The depth buffer system in our functional simulator implements all features described in Section 2. We used a depth tile cache of approximately 2 kB, and full precision z-min and z-max culling. Our tests show that compression rates are only marginally affected by the cache size.<sup>2</sup> Similarly, the z-min and z-max culling avoids a given fraction of the depth tile fetches, independent of compression algorithm. Therefore, it should affect all algorithms equally, and not affect the trend of the results.

Most of the compression algorithms have two operational modes. Therefore, we have chosen this as our target. Furthermore, two modes fit well into a two bit tile-table assuming we also need to flag for uncompressed tiles and for fast z clears. It is our opinion that using fast clears makes for a fair comparison of the algorithms. All algorithms can easily handle cleared tiles, which means that our compressors would be favored if this mode was excluded since they have the lowest bit rate.

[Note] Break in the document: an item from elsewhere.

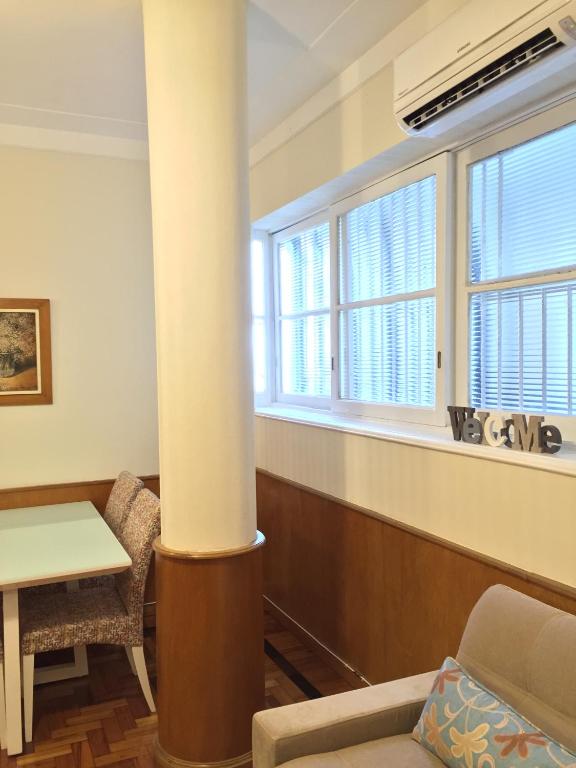  Apartamento Atlantica Rio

We evaluate the following compression configurations

- Raw 4x4/8x8: No compression.
- **DDPCM**: The one and two-plane mode (not using "escape codes") of the DDPCM compression scheme from Section 3.2, 8 × 8 pixel tiles. Bit rate: 3/5 bpp (bits per pixel)
- Anchor: The anchor encoding scheme (Section 3.3), 4 × 4 pixel tiles. Note that this is the only compression scheme in the test that only uses one compression mode. One bit-combination in the tile table was left unused. Bit rate: 8 bpp.
- **Plane encoding**: Van Hook's plane encoding mode from section 3.4,  $8 \times 8$  pixel tiles. Only the two and four plane modes were used, since we only allow 2 compression modes. This algorithm was given a slight favor in form of a 16.6% bigger depth tile cache. Bit rate: 4/7 bpp.
- Plane & depth offset: The plane (Section 3.4) and depth offset (Section 3.5) encoding modes of Orenstein et al, 4 × 4 pixel tiles. Bit rate: 8/16 bpp, 8 bits for the plane mode and 16 bits for the depth offset mode.

 $<sup>^2 \</sup>rm The$  efficiency of all algorithms increased slightly, and equally, with a bigger cache. We tested cache sizes of 0.5, 1, 2 and 4 kb

- Depth Offset 4x4/8x8: Morein and Natale's depth offset compression mode from Section 3.5. We used two compression modes, one using 12 bit offsets, and one with 16 bit offsets. Bit rate: 12/16 bits per pixel for both 4 × 4 and 8 × 8 tiles.
- **Our 4x4/8x8**: Our compression scheme, described in Section 4. For the  $8 \times 8$  tile mode, we used the 192 bit version of the two plane mode in this evaluation. Bit rate: 4/8 bits per pixel for  $4 \times 4$  tiles and 2/3 bits per pixel for  $8 \times 8$  tiles.

Our benchmarks were performed on three different test scenes, depicted in Figure 9. Each test scene features an animated camera with static geometry. Furthermore, we rendered each scene at four different resolutions:  $160 \times 120$ ,  $320 \times 240$ ,  $640 \times 480$ , and  $1280 \times 1024$  pixels. Varying the resolution is a simple way of simulating different levels of tessellation. As can be seen in Figure 9, we cover scenes with great diversity in the average triangle area.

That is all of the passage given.